Caption-style text data
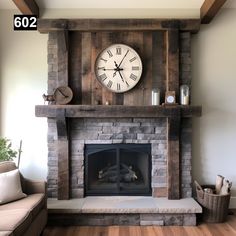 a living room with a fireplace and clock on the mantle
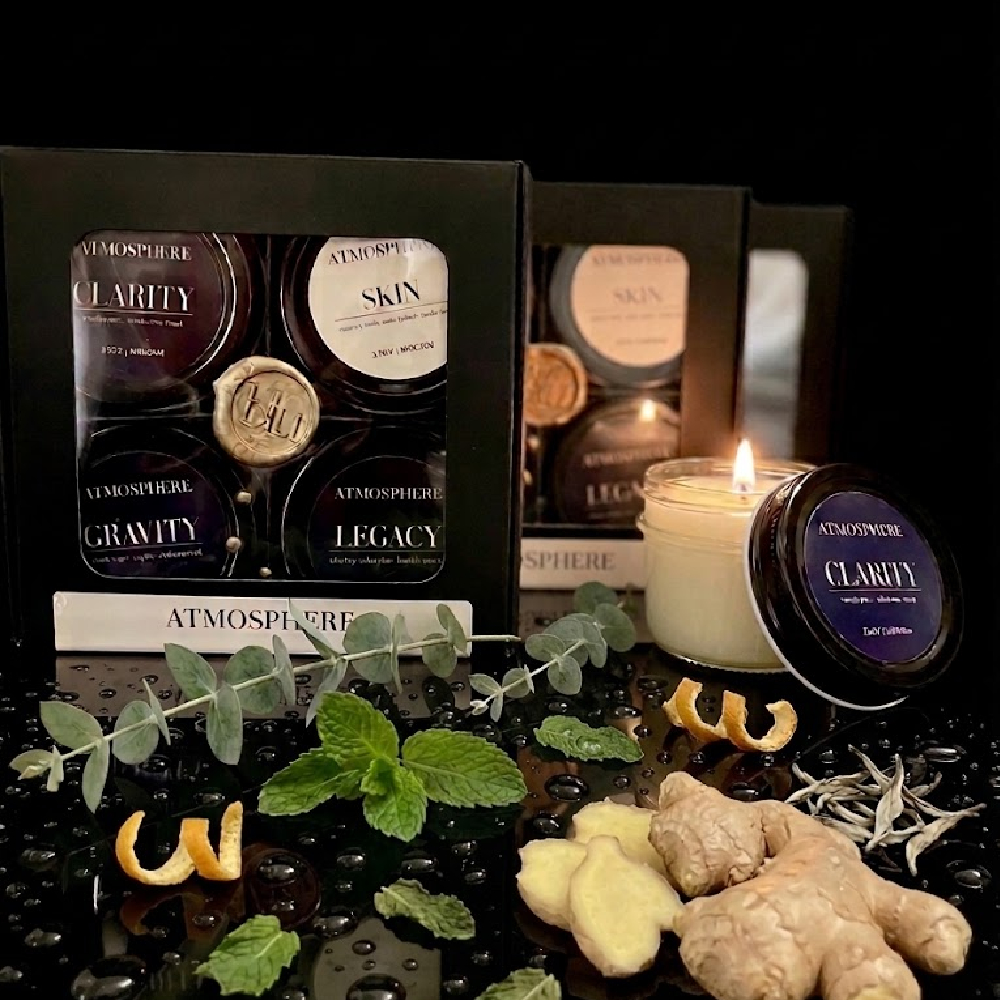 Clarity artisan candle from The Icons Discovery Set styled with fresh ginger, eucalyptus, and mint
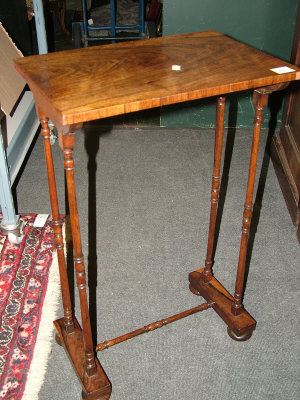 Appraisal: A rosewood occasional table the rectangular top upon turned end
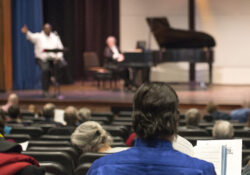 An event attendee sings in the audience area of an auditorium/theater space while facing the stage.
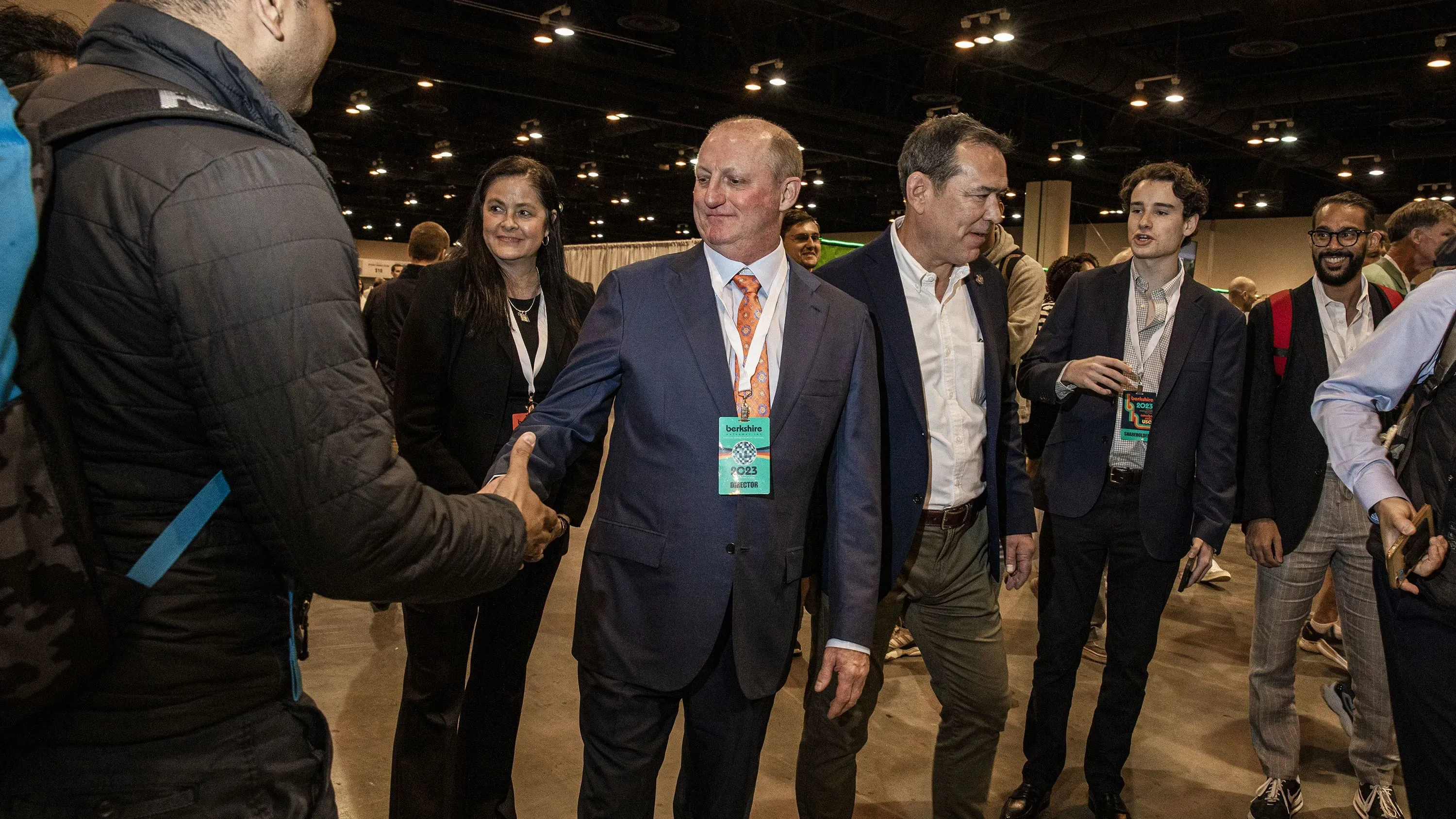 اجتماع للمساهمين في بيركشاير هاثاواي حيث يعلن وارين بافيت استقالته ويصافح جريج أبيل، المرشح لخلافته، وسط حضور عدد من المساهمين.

# Task objective
The records above should be returned exactly, with only their pictures held back.

# Solved exercise
 a living room with a fireplace and clock on the mantle
 Clarity artisan candle from The Icons Discovery Set styled with fresh ginger, eucalyptus, and mint
 Appraisal: A rosewood occasional table the rectangular top upon turned end
 An event attendee sings in the audience area of an auditorium/theater space while facing the stage.
 اجتماع للمساهمين في بيركشاير هاثاواي حيث يعلن وارين بافيت استقالته ويصافح جريج أبيل، المرشح لخلافته، وسط حضور عدد من المساهمين.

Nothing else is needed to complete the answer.